Amid all the hype and furor around blue-chip NFT collections like Bored Ape Yacht Club and CryptoPunks, you may have missed what may be the ultimately absurd status symbol in crypto: Etherrock, a collection of 100 cartoon pet rocks based on free clipart that have sold for millions of dollars.

Twitter user @dino_dealer (aka Rock Dust) once held EtherRock #44, and planned to sell it for 444 ETH. At today’s price, that’s over $1 million. The idea wasn’t crazy: multiple other ‘worthless’ images within the same collection sold for well over $500,000 last August. However, Dust accidentally fat-fingered its listing, putting it up for 444 Wei rather, instead of ETH.

Expensive deal

Credits: Vice

Wei is the smallest denomination of ETH that can be traded. Exactly 1,000,000,000,000,000,000 Wei is equal to just 1 ETH. In other words, the 444 Wei the rock was listed for is worth orders of magnitude less than a penny.

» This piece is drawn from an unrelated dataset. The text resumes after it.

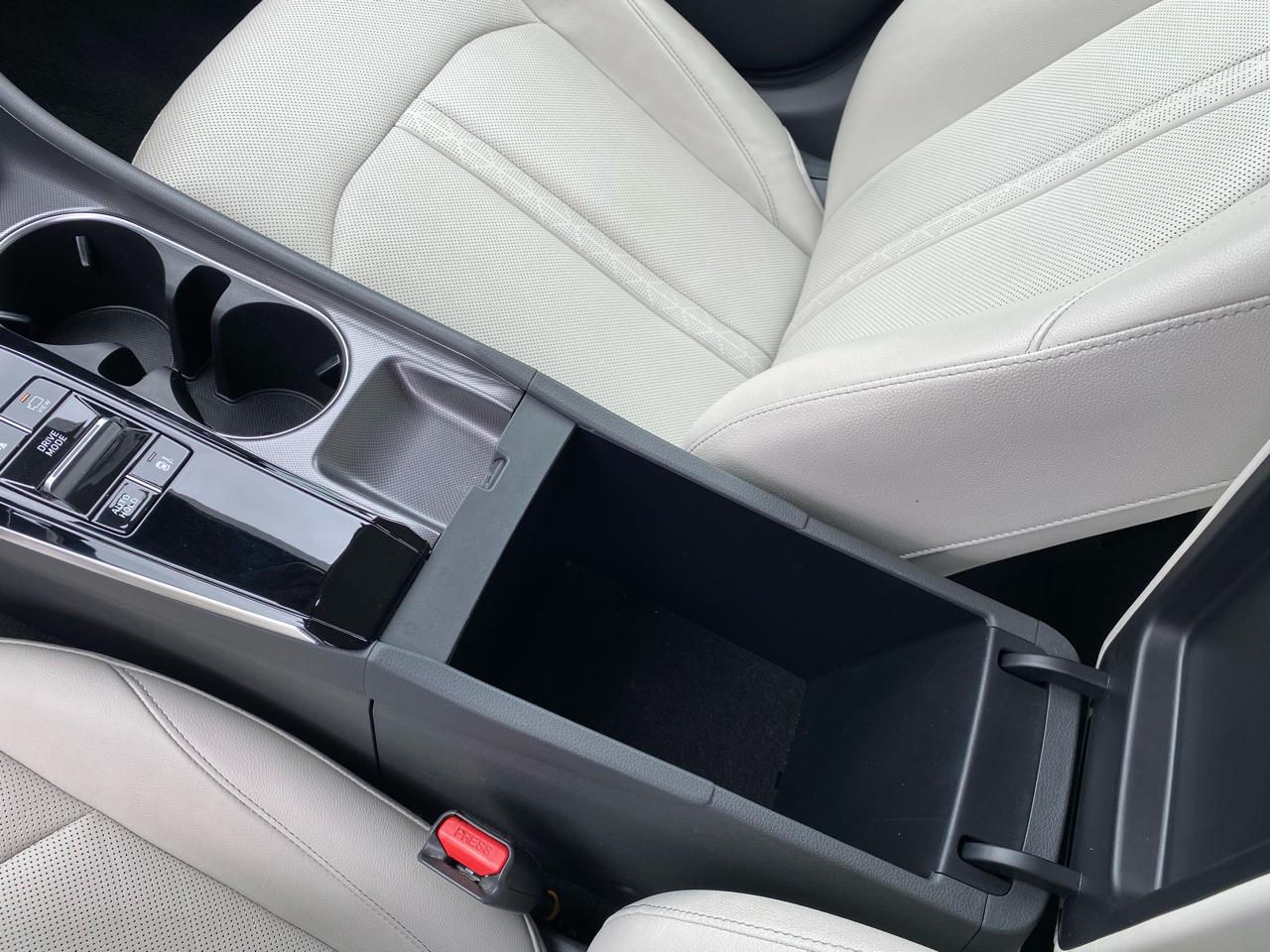 Hyundai Sonata Hybrid Limited 2.0L 2022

Dust had little chance to reverse the listing either: a trading bot nabbed the free NFT within the same block. Dust said that his entire net worth was placed in the digital rock, and asked those who sniped it to “show mercy”.

This isn’t the first time an NFT holder butchered his own sale: in December, one BAYC holder sold his ape for $3 rather than $300,000. Since crypto transactions are peer to peer and irreversible, such accidents are virtually impossible to remedy.

Credits: CNET

EtherRock is a four year old NFT project that inexplicably went viral last year and saw its prices skyrocket. The project consists of 100 free clipart images of the same cartoon rock, each featuring a slightly different color, turned into NFTs. In October, a bid was placed on one EtherRock for 900 ETH (then $3.5 million).

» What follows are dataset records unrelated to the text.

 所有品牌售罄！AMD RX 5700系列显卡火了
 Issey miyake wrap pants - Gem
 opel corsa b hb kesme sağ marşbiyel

Dino Dealer asked in vain about a refund on Etherscan. “Hello ser,” they asked in the comment section. “Can you return the etherrock? I made a huge mistake. Your bot snapped it up in the same block as my transaction so I never had a chance. I hope you can find it in your heart to show mercy, please?” Dino Dealer was quickly assailed by scammers offering a “refund” if he called their WhatsApp number or sent them an email.

Motherboard sent a request for comment to the owner of the address that sold the EtherRock NFT via the Etherscan chat function, but did not receive a response.

Bot sniping has become rampant in NFT marketplaces over the past year―to the point that websites offer bots to help you beat others that may be a millisecond faster. One listing on gig work platform UpWork, to take one example, claims to offer an NFT sniping bot in various tiers for thousands of dollars so you can get a “competitive edge” if you’re “tired of being LAST” when trying to buy NFTs.